Benim ülkemde çok fazla israf var. Satın alıyoruz ve atıyoruz, satın al ve at gitsin ve kuzey ülkeleri henüz yoksul olanlarla paylaşmıyor. İhtiyacımızdan fazlasına sahip olmamıza rağmen, zenginliğimizin bir miktarını kaybetmekten korkuyoruz.

Paylaşmaktan korkuyoruz…

Merhaba e-günlüğüm; Yıl: 1992. Yer: Birleşmiş Milletler Dünya Zirvesi, Rio de Janerio. O tarihte 12 yaşında olan Kanadalı Severn Suzuki üç arkadaşıyla birlikte para toplayıp toplantıya geliyor ve alıyor mikrofunu eline. Suzuki yaptığı bu konuşma ile "dünyayı beş dakikalığına susturan çocuk" olarak tarihe geçiyor...

Sonuç: Yetişkinler, çok önemli mevkilere sahip olsalar, çok iyi eğitim alsalar bile çocukları anlamıyorlar, etraflarında olup bitenden haberleri yok... Konuşmanın ardından yaklaşık 18 sene geçmiş. Hiç bir şey iyiye gitmediği gibi daha da kötüleşmiş. Eğer yetişkinler çocukların geleceğini düşünse, onları anlayabilseydi, dünya bu halde olmazdı....
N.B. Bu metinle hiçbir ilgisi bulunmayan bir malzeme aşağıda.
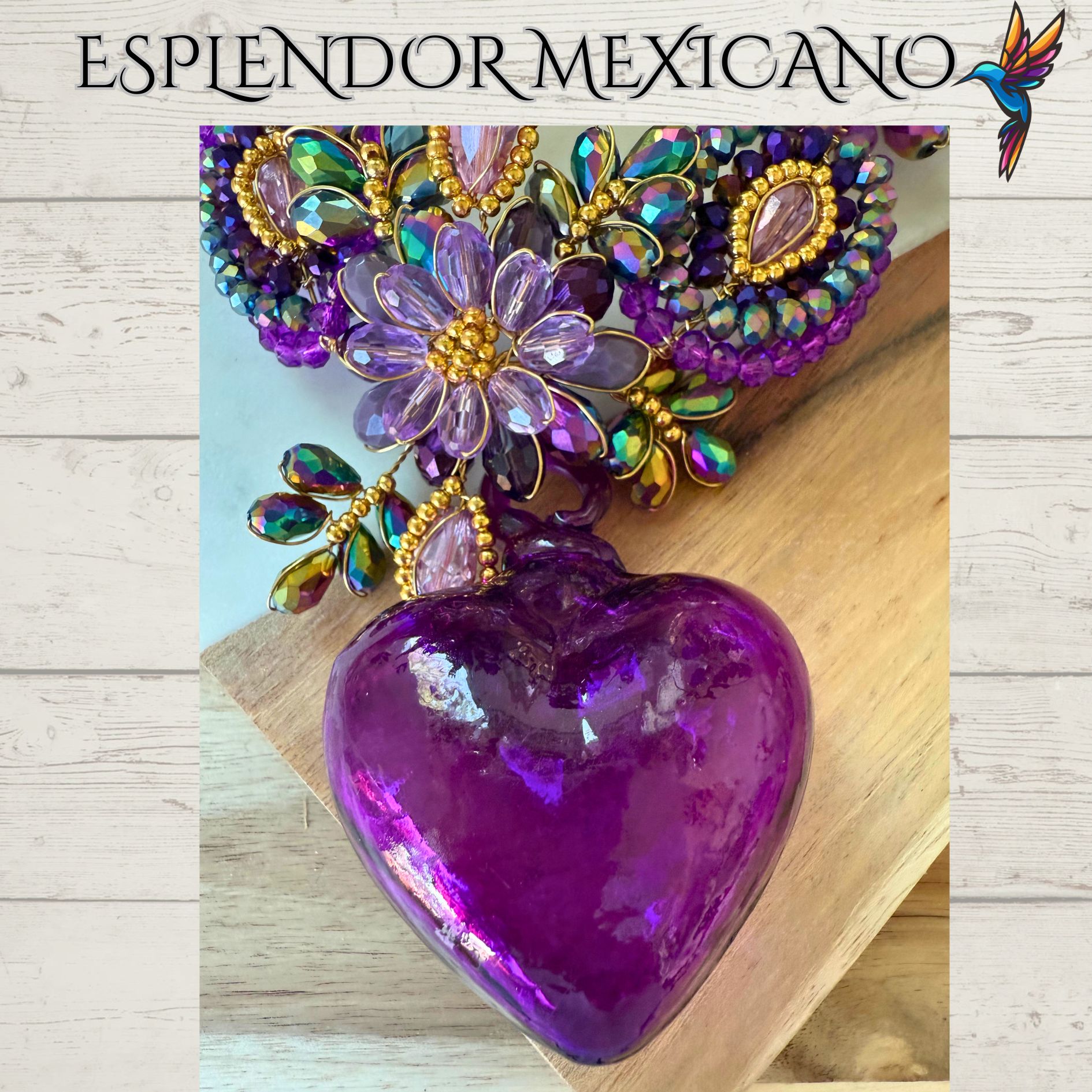 💜✨ Purple Hand-Blown Glass Heart Necklace Set – Handmade in Mexico
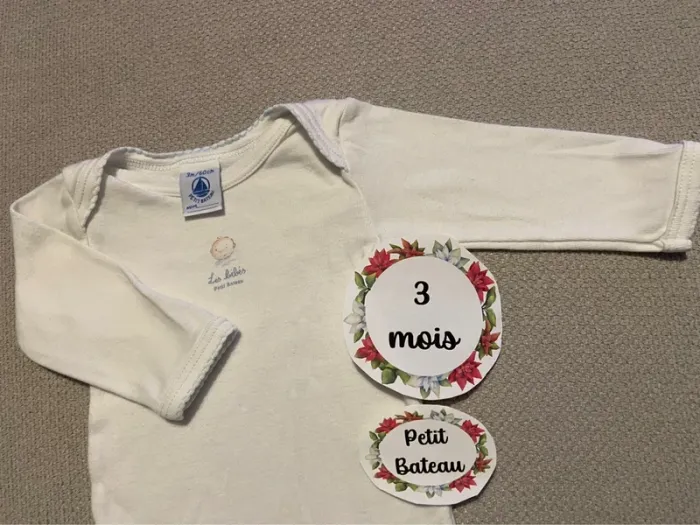 Body manches longues petit bateau 3 mois - photo numéro 3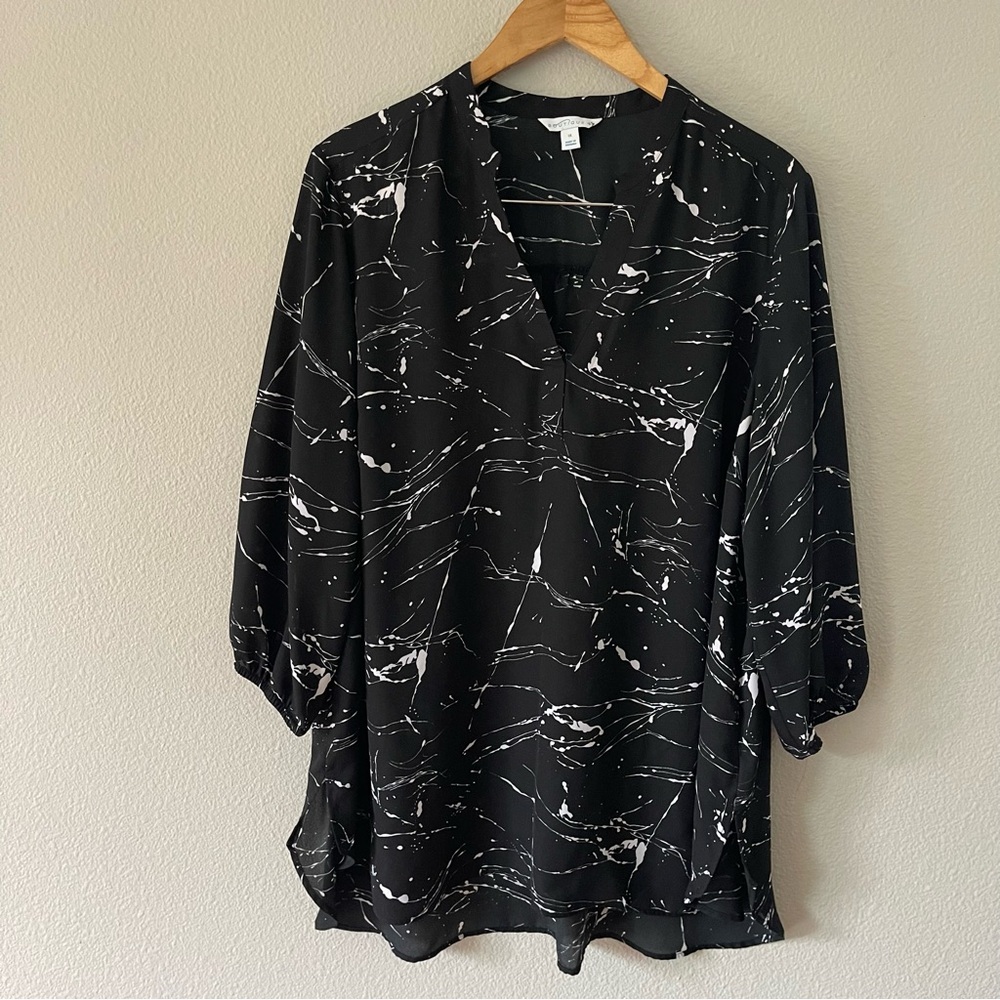 Boutique Black White Marble Splatter Tunic Top Size 1X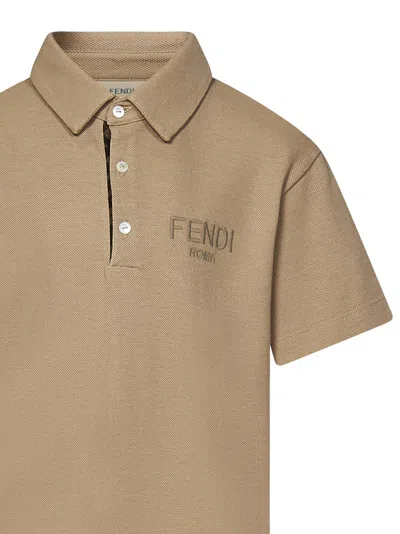 Shop Fendi Kids Polo Shirt In Beige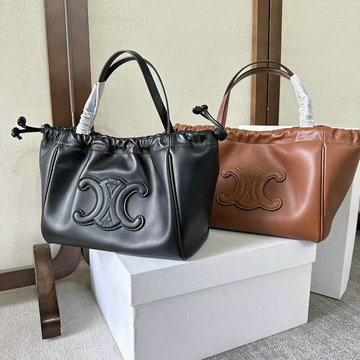 セリーヌ CELINE 99-CE111013PZS 2023年最新入荷 カバ ドローストリング キュイル トリオンフ トートバッグ ハンドバッグ レディースかばん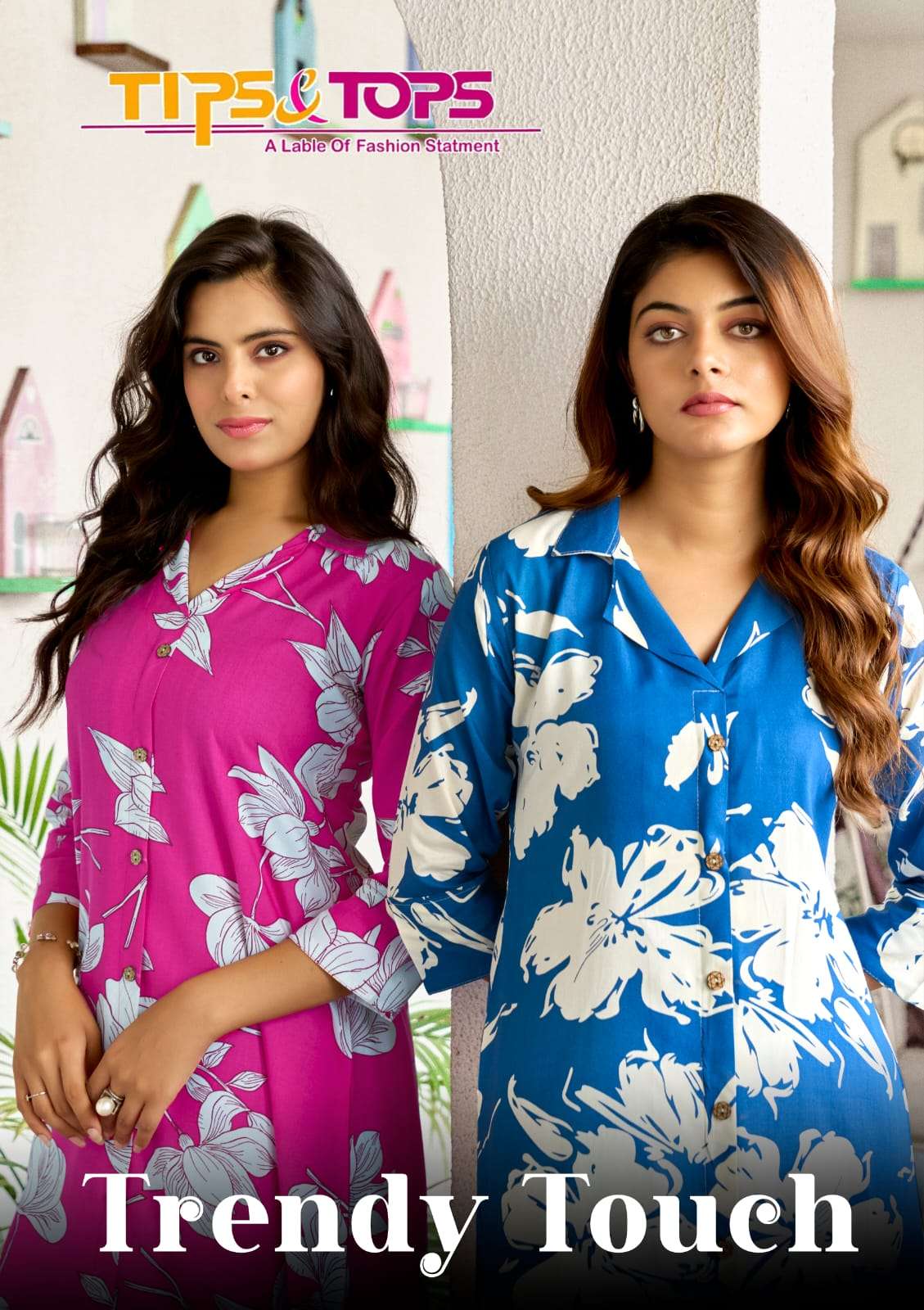 TRENDY TOUCH BY TIPS & TOPS IN RAYON PRINT A LINE COLLAR PATTERN WITH POCKET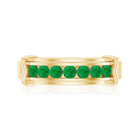 Channel Set Emerald Half Eternity Wedding Band Ring AAA - Rosec Jewels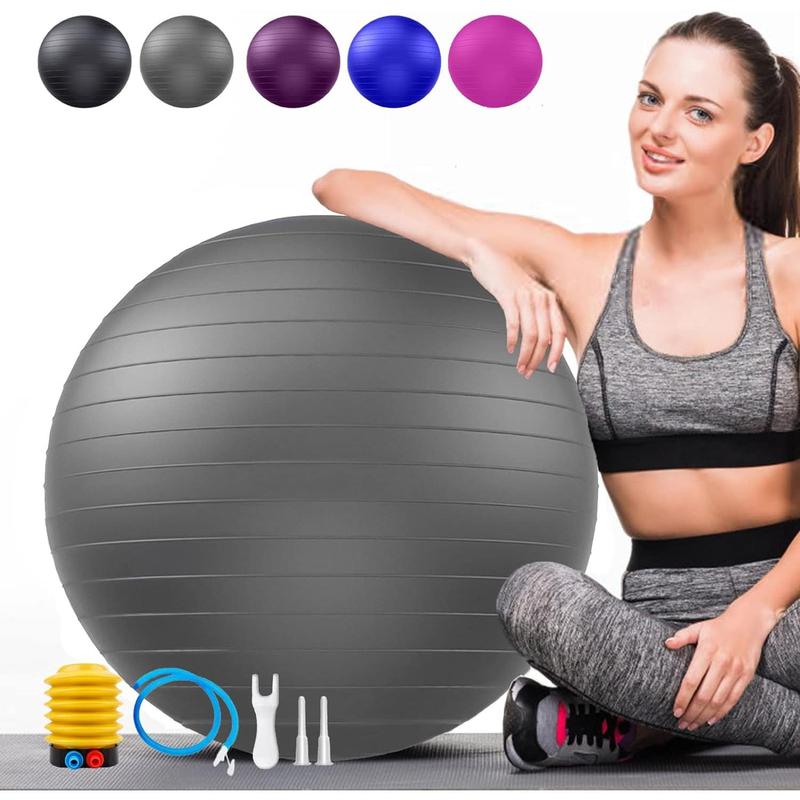 Soft Exercise ball, Anti-Burst Yoga Ball Chair Supports 2200lbs, Stability Swiss Ball w  Pump for Pregnancy Birthing, Excersize, Workout, Fitness, Balance, Gym, Physio, Abs (Office & Home & School)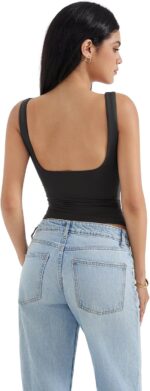 SUUKSESS Women Padded Open Back Boat Neck Tank Tops Double Lined Basic Shirts - Image 4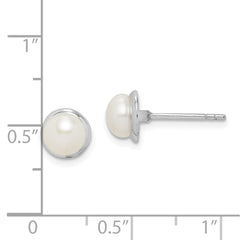 Sterling Silver Rhodium-plated 6-7mm White Button Freshwater Cultured Pearl Post Earrings - 3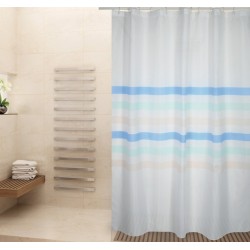 MSV Shower curtain Polyester SEAUVILLE PASTEL 180x200cm PREMIUM QUALITY Blue & White - Rings included MSV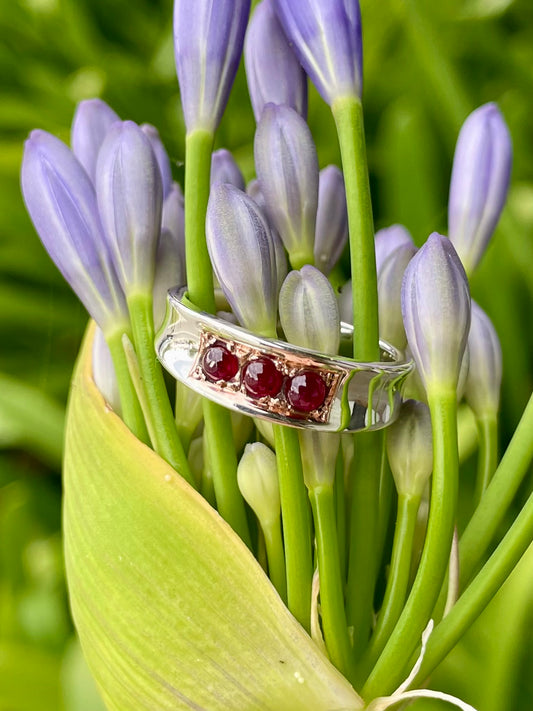 Sterling Silver & 9ct Rose Gold Ruby Ring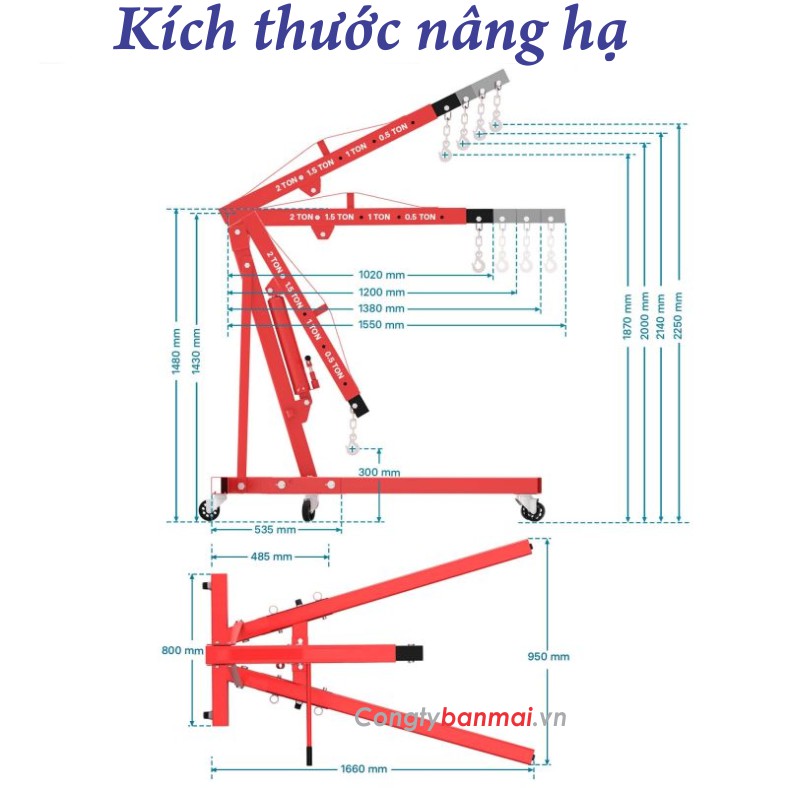 Kích thước cẩu móc động cơ 2 tấn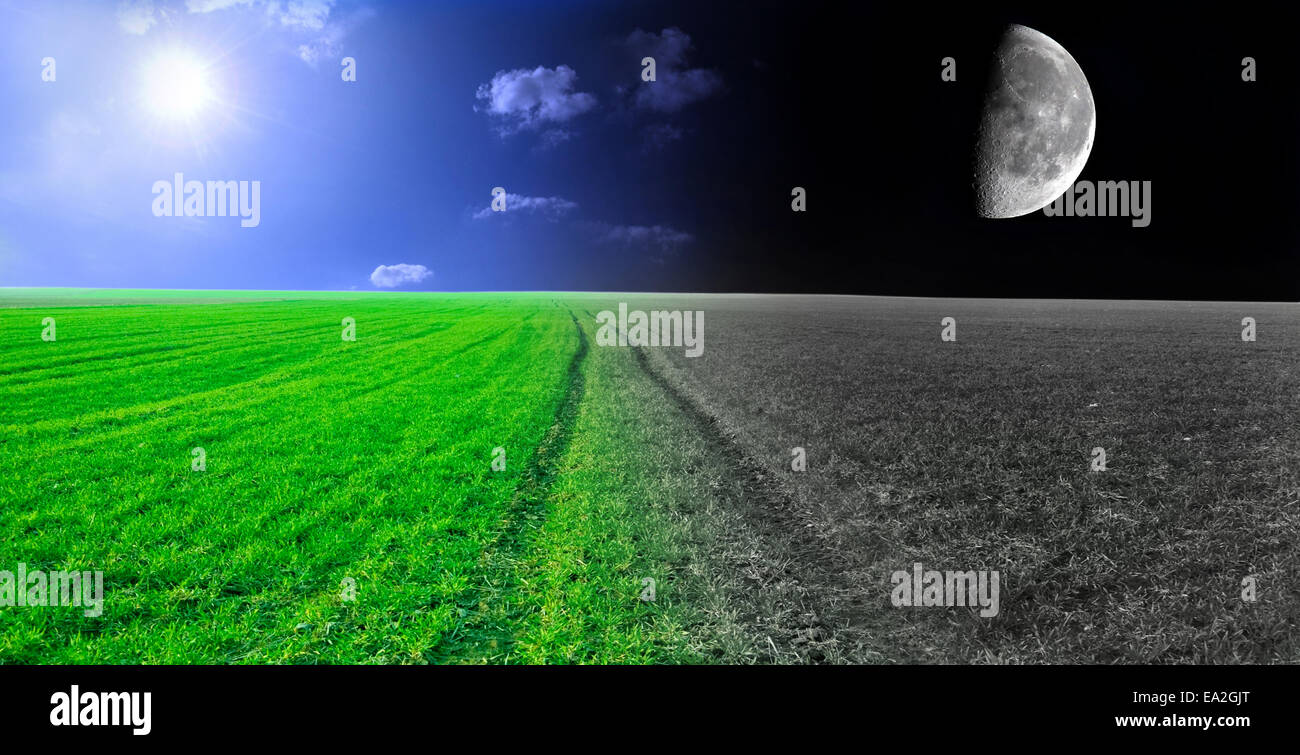 Di giorno e di notte immagine concettuale. Campo verde di giorno e di notte. Foto Stock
Ben de soruyorum: Madem bir b.k'a yaramıyorsunuz neden oralarda oturuyor, bu toplantıları yapıyorsunuz?

Değerli e-günlüğüm; Hamileler için farklı bir domuz gribi aşısı yapılacak mış. Demek oluyor ki, grip virüsü hamilelere, çocuklara ve kadınlara değişik biçimlerde geliyor muş. Virüsler bile ayrımcı oldu artık... Alçak virüsler...

Hükümet beyin travması geçiriyor. Yakında yoğun bakıma alınacak, şimdiden acil şifalar diliyorum... Fatih Sultan Mehmet ve Boğaziçi köprülerinin yoğun kullanıldığı sabah ve akşam saatlerinde araçlardan alınan geçiş ücretlerinin daha pahalı, gün ortasında daha ucuz olması düşünülüyor muş. Formül, ulaştırma bakanının onayına sunulmuş... Vah zavallılar vah. Yine sağ kulağklarını sol elleri ile tutuyorlar...

Bana ne, hangi elleri ile tutarlarsa tutsunlar. Biz kendimize bakalım. İnsanlar, akıl edip (edemezler) bir hafta arabalarını kullanmasa, hükümet "lütfen arabalarınızı kullanın, köprü bedava" diye yalvarmazsa ne olayım. ("dinazor olayım" diyeceğim ama zaten öyleyim)

Cumartesi gecesi bahçede otururken düşündüm de devlet benden hiç köprü geçş parası almıyor. Hiç köprüden araba ile geçmediğim için olabilir mi acaba? Neyse düşünecek daha önemli şeyler var. Oğlum Akçakoca'ya babaanne'sinin yanına gitmişti onunla telefonlaştık. Annem çok iyiymiş. Oğlum "baba, babaannem, İsmet İnönü gibi olmuş, işine geleni duyuyor, işine gelmeyeni duymuyor" dedi. Gülmekten kırıldım. Bu deyim babaannesinin İsmet İnönü'lü yıllarda ki anılarını anlatırken kullandığı bir deyimdir. Gerçi anısı bile vardır. Orada hava çok güzel ve çok temiz miş. Helva isteğimi tekrarlayıp telefonu kapattık.

Pazar sabahı hava sert rüzgarlı ve hafif yağmurlu idi. Kendimizi ev hapsine kapattık ve bütün gün ev de oturduk. Akşam Elmar ve Oğlum geldi. Hep birlikte akşam yemeği yedik. Oğlum, Akçakoca'dan ev yapımı tarhana ve köy peyniri getirmiş. Helva almayı unutmuş. Olsun yine de bir şeyler getirmiş. Sağolsun.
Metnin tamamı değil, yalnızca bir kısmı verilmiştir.